ABC-NACO Files Voluntary Chapter 11 Petition, Receives Commitment for $20 Million in New Financing
Lombard, Illinois -(BUSINESS WIRE) - ABC-NACO Inc. (ABCR) announced today the company and its U.S. subsidiaries have filed voluntary petitions to reorganize their businesses under Chapter 11 of the U.S. Bankruptcy Code. The filings, due primarily to the severe downturn in the rail supply industry and the company's large debt burden, were made in the United States Bankruptcy Court for the Northern District of Illinois, Chicago, Illinois.
Operations around the world, including the United States, will remain open, operating to fulfill existing and future customer requirements. This filing does not include the company's subsidiaries or joint ventures in Canada, Mexico, Scotland, Sweden, Portugal, or China.
Filing for reorganization became necessary due to a severe liquidity crisis caused primarily by the exceptionally weak market for ABC-NACO's products. Additional factors included the 80-day strike at the Sahagun, Hidalgo, Mexico facility and the roof collapse at the Cicero, Illinois facility, both of which occurred this past summer.
To ensure continuation of operations, ABC-NACO received a commitment for a $20 million debtor-in-possession (DIP) financing facility from its existing senior secured bank group. The financing will become available for future operating obligations, once approved by the court. Together with the cash generated from operations going forward, this financing will provide the necessary liquidity for the company to fulfill future obligations to customers, suppliers and employees.
``Despite our efforts to reduce costs and maximize cash flow, the continuing deterioration of the rail supply market significantly aggravated our liquidity situation.
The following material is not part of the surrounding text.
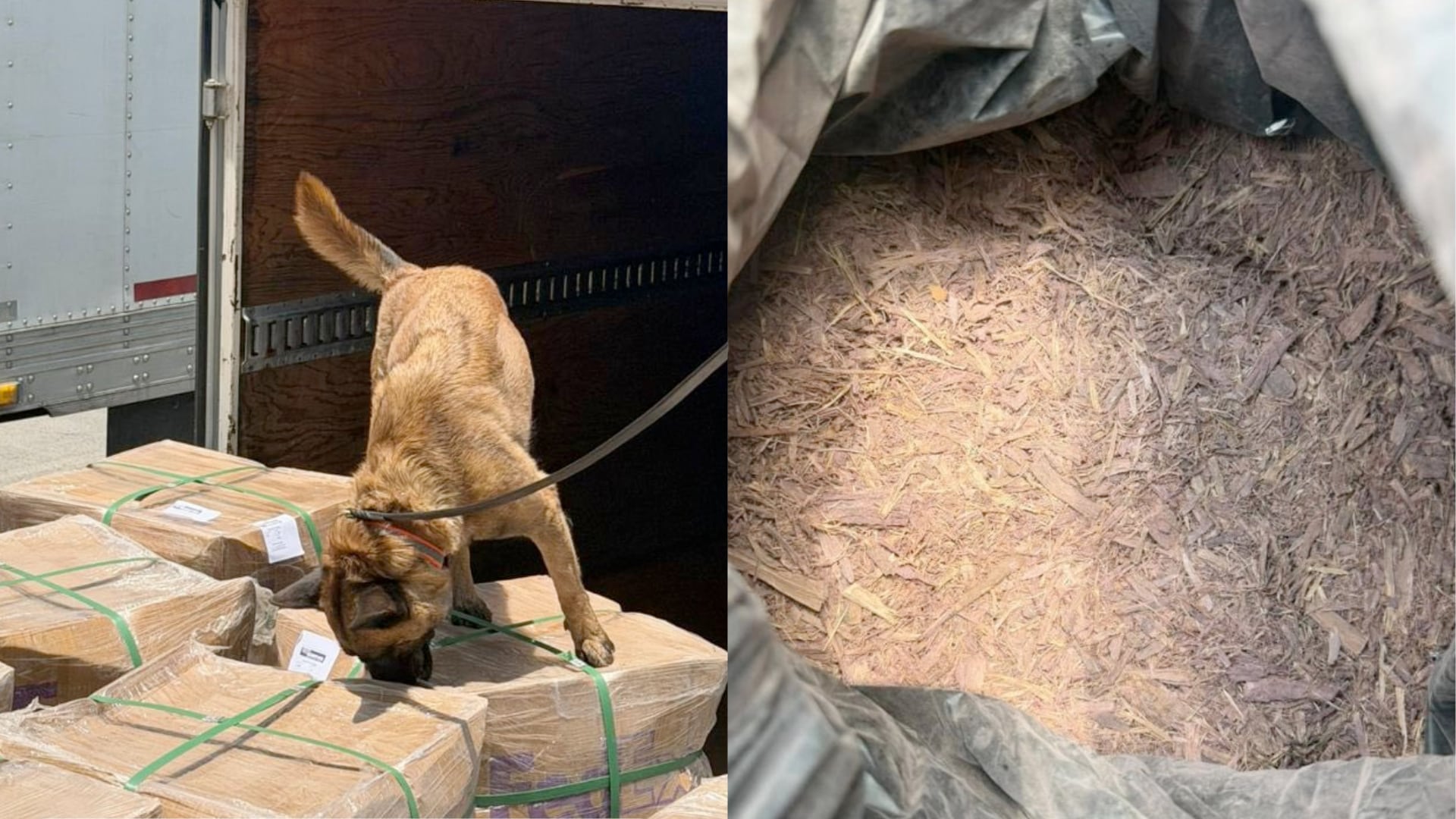¿Trafican tepezcohuite? Aseguran 500 kilos en el AICM antes de salir a Gran Bretaña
After careful review of the company's financial condition and all available alternatives, the Board of Directors and senior management concluded today's court filing by our U.S. operations was a necessity,'' said Vaughn Makary, President and Chief Executive Officer of ABC-NACO.
The company has retained the management consulting firm of Morris-Anderson and Associates, Ltd. and the investment banking firm of Lincoln Partners L.L.C. to assist it in the evaluation of reorganization alternatives in order to maximize its business enterprise value.
Makary added, ``In the best interest of our constituencies, including our employees, the company's domestic and foreign operating units will continue to serve their customers during this process of maximizing business enterprise value.''
The company said it is filing first day motions to support its employees, customers and vendors, to obtain interim financing authority, to maintain existing cash management programs, to retain legal, financial, and other professionals relative to the company's reorganization cases, and for other relief. The company is retaining the law firm of D'Ancona & Pflaum L.L.C. to assist in the court proceedings.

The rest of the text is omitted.